En una rápida intervención policial, personal de la Comisaría 38° de Viedma logró la aprehensión de un joven que, minutos antes, había asaltado a un taxista utilizando un arma de fuego. El operativo se destacó por la colaboración inmediata entre los uniformados que realizaban tareas de prevención y los compañeros de la víctima.
Según detalló el comisario Cristian Carrilaf, jefe de la unidad 38, el incidente comenzó en la zona comercial de la capital provincial, específicamente a la altura de la calle 720. Allí, un taxista interceptó a dos efectivos que reforzaban la seguridad del sector para pedir auxilio.

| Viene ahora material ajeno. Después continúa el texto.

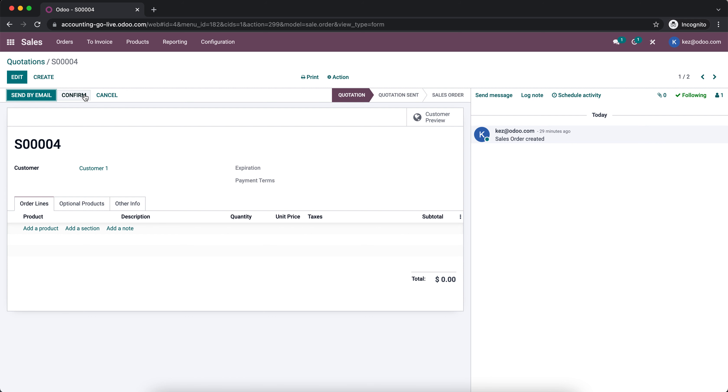In this use case we're going to set an approval on the confirm button on a sales order to ensure that orders over a hundred dollars have to be approved by a manager.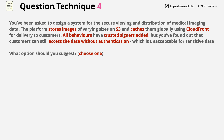The CloudFront distribution has multiple behaviours, and they all have trusted signers added. This is a keyword to specifically look out for in the exam — it means the behaviour has been configured to be private, meaning pre-signed URLs or cookies are required to access objects cached by the platform. We're also told that customers can access data without authentication, which seems to conflict with the trusted signers point.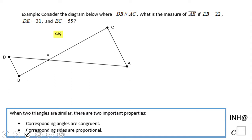Welcome or welcome back. Here at C Squared, in this example we're going to look at a problem where it's given that these two segments are parallel. They give us some measures and ask us to find how long AE is — this segment right here — and they give us these values.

Según el relato de la víctima, un joven lo había amenazado con un arma para sustraerle su teléfono celular y luego darse a la fuga a pie.
Sin perder tiempo, los agentes abordaron la unidad de alquiler junto al damnificado para iniciar un rastrillaje. Gracias a la red de comunicación de los taxistas, se obtuvo el dato clave: el sospechoso circulaba por la «ruta vieja», en las inmediaciones del edificio de Vialidad Regional. Al llegar al lugar señalado, la policía identificó al sujeto, quien no tuvo tiempo de reaccionar ante el despliegue de los efectivos.
Tras ser reducido y requisado, los agentes se encontraron con una sorpresa alarmante por el poder de fuego que el joven cargaba. Entre sus pertenencias tenía una pistola 9 mm marca Browning (de uso policial antiguo) con cargador completo de 13 cartuchos y un revólver con tambor cargado y listo para ser utilizado en simple o doble acción. Además, se le hallaron otros 5 cartuchos en los bolsillos del detenido. «Las armas tenían carga completa de municiones y estaban en condiciones de ser utilizadas, algo que afortunadamente no llegó a suceder», destacó Carrilaf.
Además del armamento, la policía logró recuperar el teléfono celular robado, el cual fue secuestrado como evidencia. Actualmente, la fuerza de seguridad trabaja en conjunto con la Fiscalía de turno para cumplimentar los pasos legales y restituir el dispositivo a su propietario a la brevedad. El joven permanece detenido a disposición de la justicia, enfrentando cargos por robo calificado y tenencia ilegal de arma de guerra.